You might think Buccaneers corner Aqib Talib being arrested was just about Talib being someone with bad decision-making skills, but according to Mike Florio of Pro Football Talk, it's about so much more, dear reader.
The lockout means that players who may require ongoing attention from their teams in order to keep them out of trouble won’t have that support. Which means that those players could be more likely to get into trouble.
He's so right. If the NFL doesn't come back, the important guidance and support that Aqib Talib has received by the bucketful since he was a troubled but talented undergrad at Kansas University will disappear, and then he and other NFL players who rely on the NFL's guidance and support will instantly morph into criminal moronbeasts each as violent and troubled as Talib.
Just imagine what the world would have been like already without the NFL's amazing guidance program. Without it, Perrish Cox would have allegedly committed a serious act of sexual assault instead of the measly charge he did get. Thank you, NFL, for ensuring that Perrish Cox did not rape a federal building. Imagine what Raheem Brock would have drunkenly steered in the depths of the night if not for the NFL's astonishing guidance! No hijacked shipping freighter piled into a bridge by a hammered Raheem Brock? You're welcome, Seattle. Did you see Chris Cook backing a howitzer out of the back of his truck to settle a dispute? Only a handgun, you say? Nods smugly, pats self on back.
It's not even like the league goes out of the way to overestimate its own value in the stability of NFL players' lives. The sick bit is that they don't even have to; the press corps covering the NFL, either blinded by proximity to the league or overly eager to curry favor, does the job for them of constructing a vision of benevolent and entirely necessary paternalism for the league.

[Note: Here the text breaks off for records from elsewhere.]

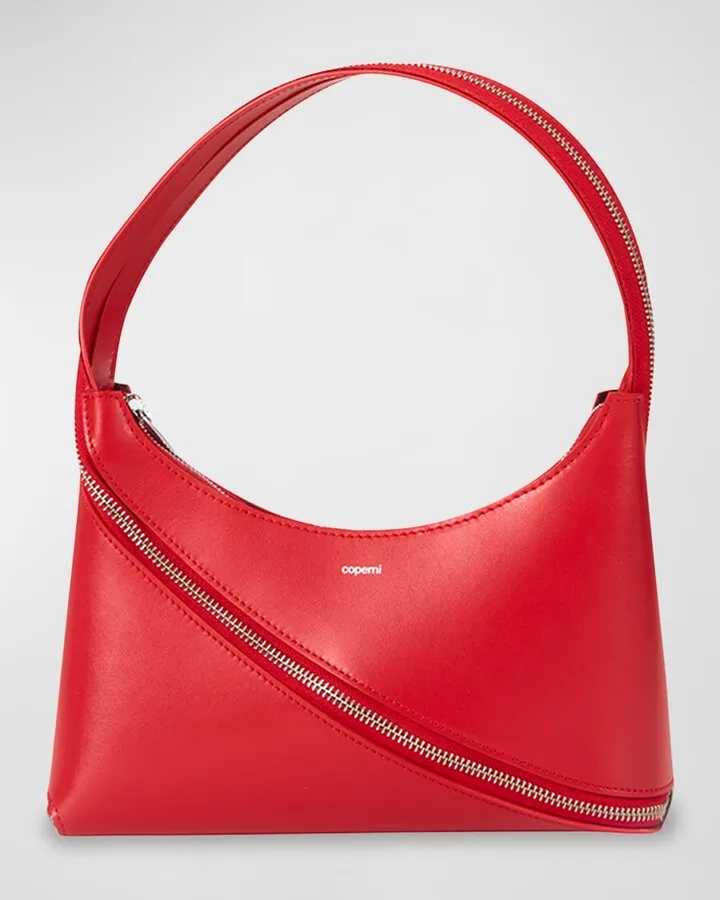 Zip Faux Leather Shoulder Bag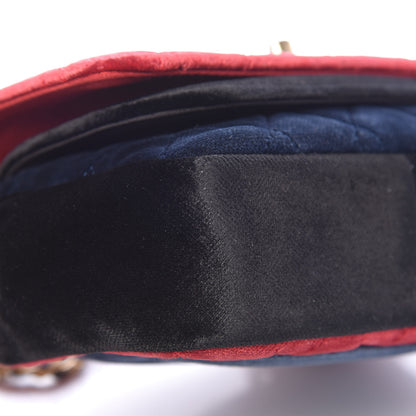 Chanel Velvet Quilted Small Camellia Flap Black Red Blue 10 of 11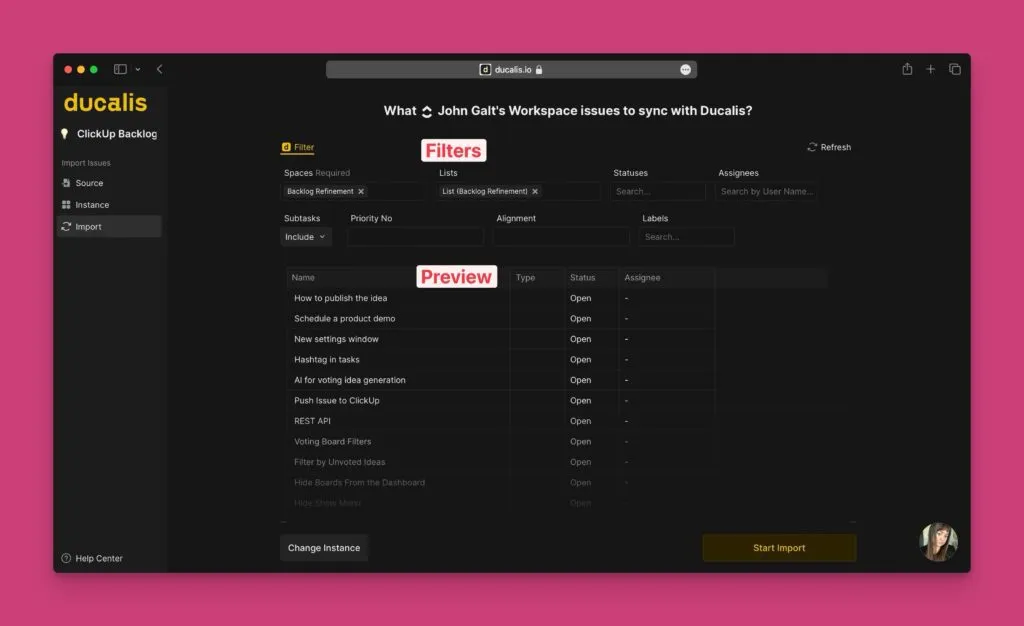 Опции фильтров с предпросмотром задач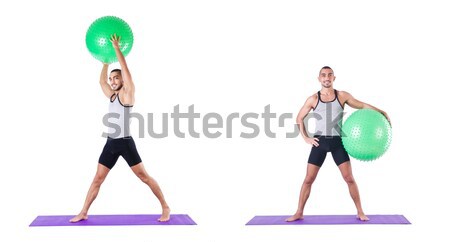 Set of photos with model and swiss ball Stock photo © Elnur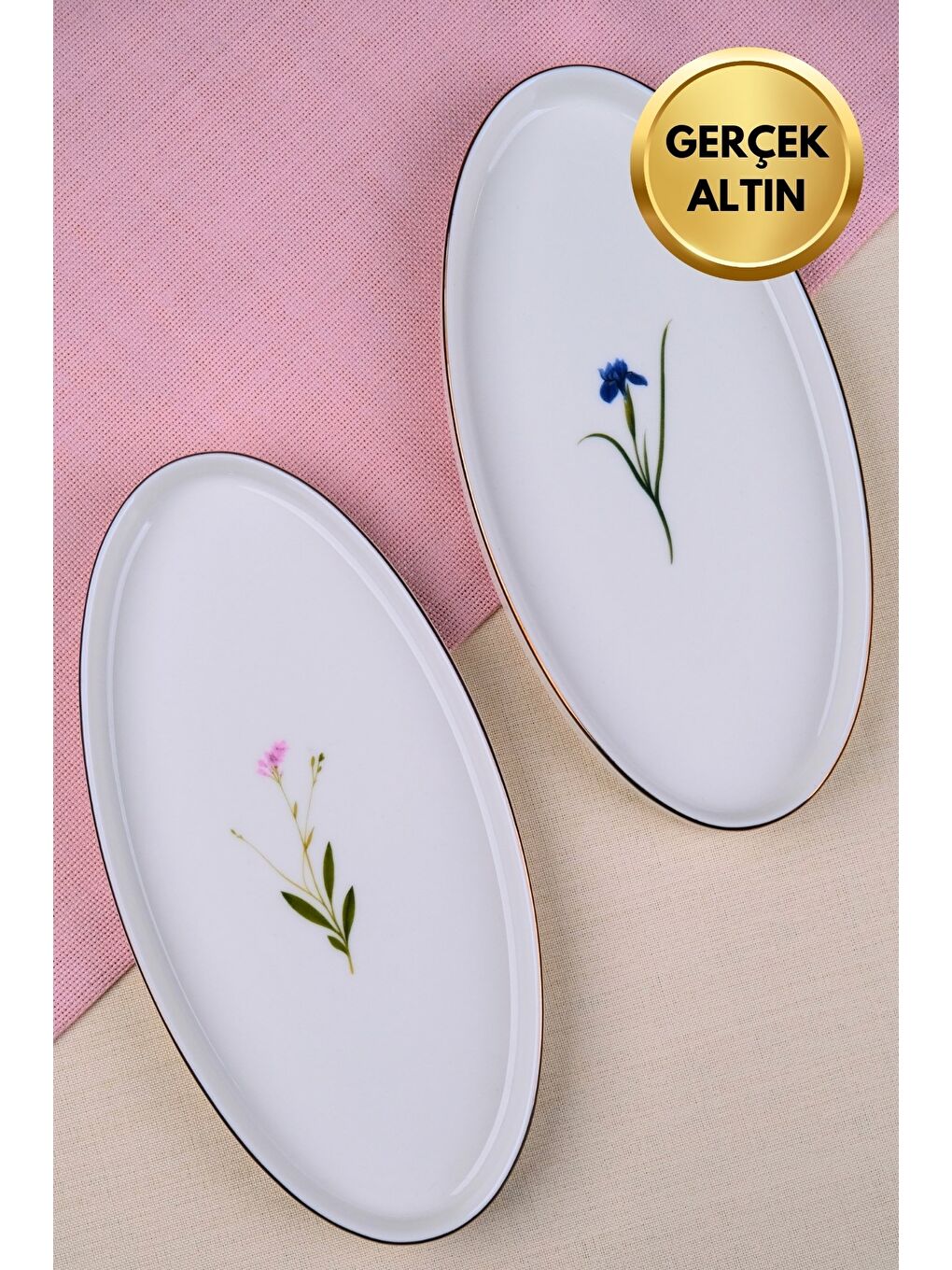 Karışık Porselen Natura Karma Altın Yaldızlı Dik Yanaklı Kayık 26x13x2cm 2 Parça-2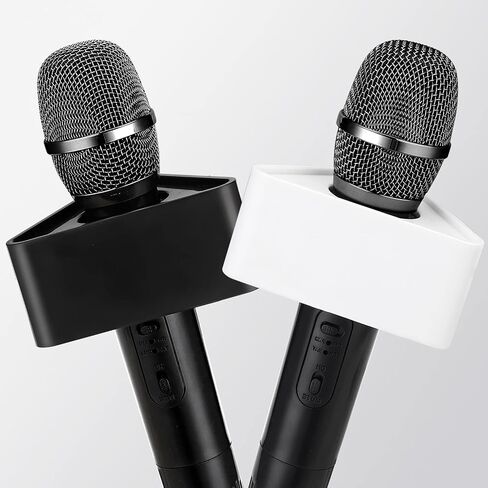 Facmogu 2024 New Microphone Flag Station, Portable Cube Hexagon Mic Flags, ABS Foam Microphone Logo Flag Station, Custom Mic Flag Microphone Accessories for Interview KTV Reporter Host (Black & White) in Saudi Arabia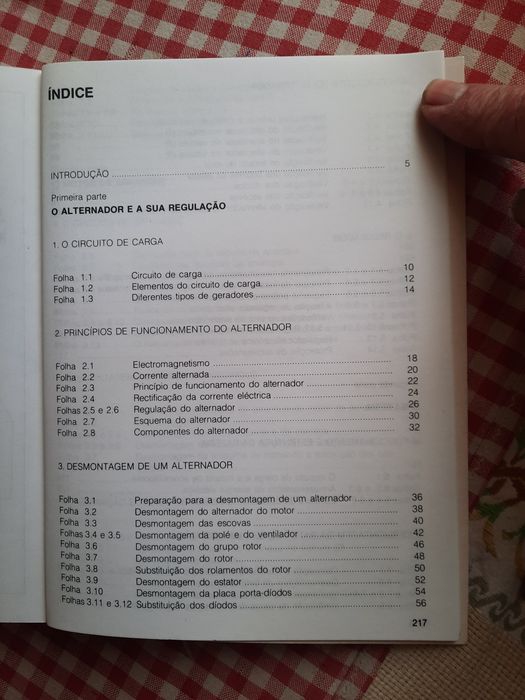 Manual do alternador,  bateria e motor de arranque
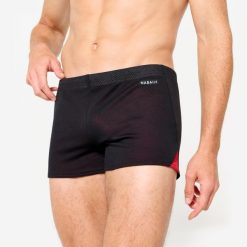 Bokserki pływackie męskie Nabaiji 900 spowalniające Drag Suit. Czarne kąpielówki męskie Decathlon, m, bez wzorów, z materiału, do pływania. Za 99.99 zł.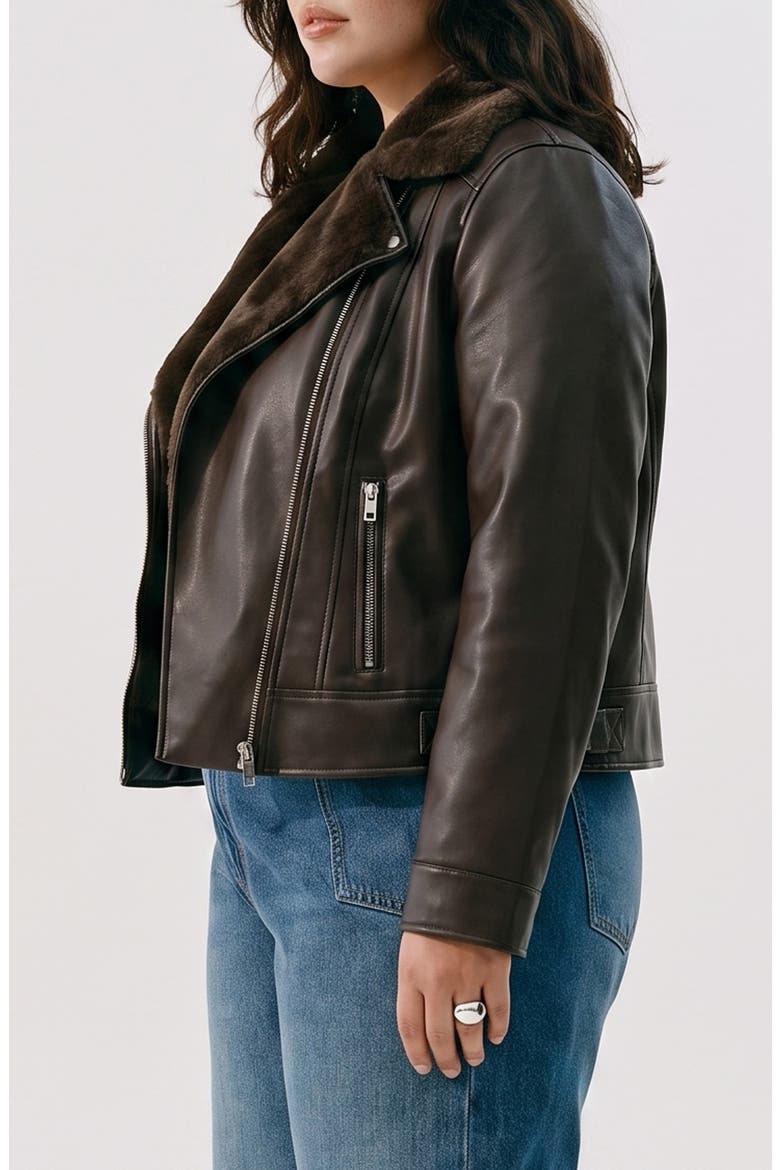 Faux Leather Jacket with Faux Fur Trim, Alternate, color, CHOCOLATE TORTE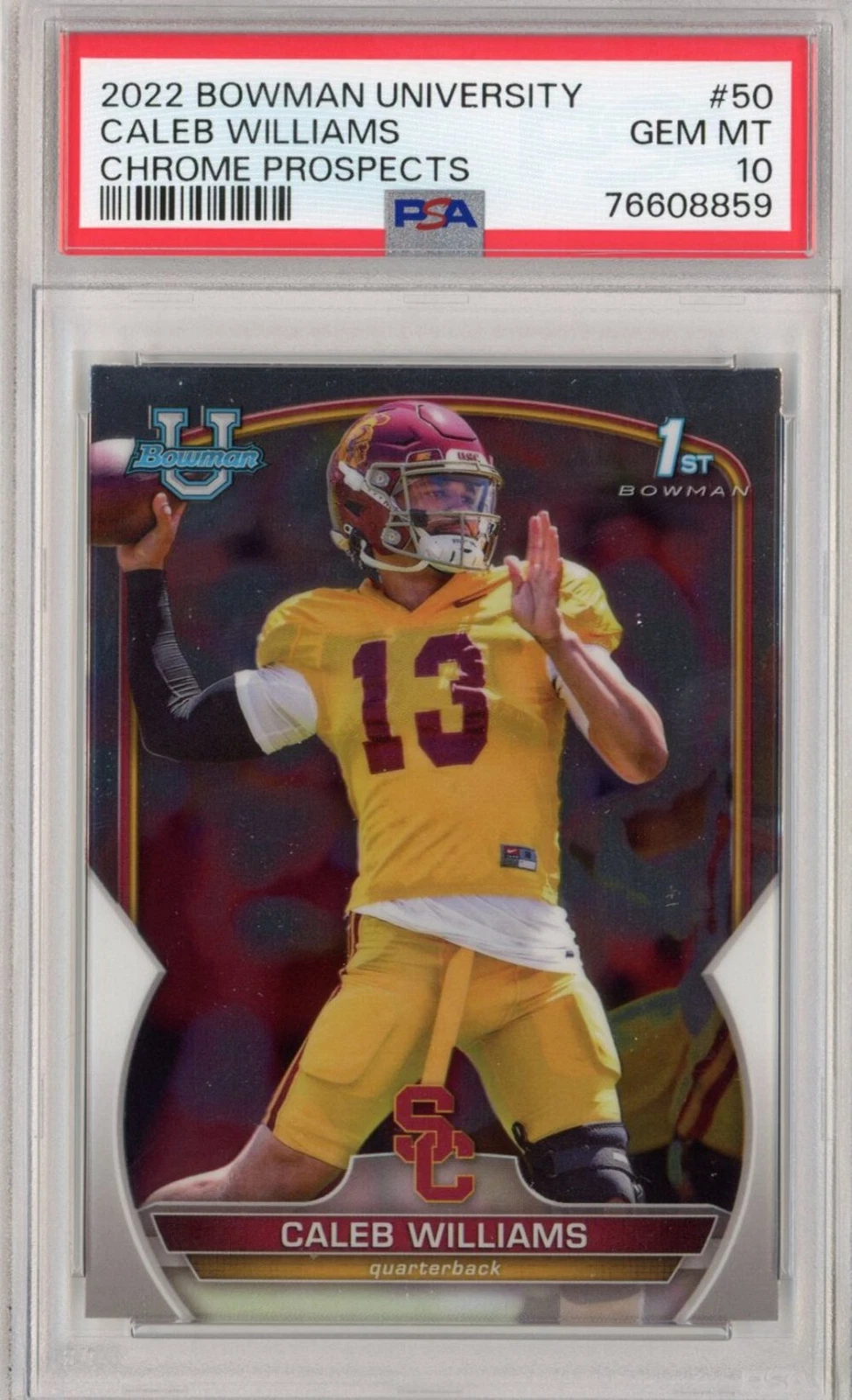Graded 2022 Bowman University Caleb Williams #50 Chrome Rookie RC Card PSA 10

This point, illustrated even further here:
At the risk of crossing into the melodramatic, this lockout needs to end before a player with real needs for counseling and/or oversight and/or a direct line of communication to his head coach gets into real trouble, or even worse gets killed.
The idea that NFL coaches have anything like meaningful personal relationships with players in what is by all accounts an exceedingly clinical and professional environment should be laughable enough, but this is Boys' Town juvenile psychology applied to a discussion of adults splitting a pie worth billions of dollars. This is business, not some kind of passion play between the priests of management overseeing the talented but wayward orphans of the NFLPA. To write about it any other way is to write a fantasy, one that some writers seem happy to write for the league pro bono.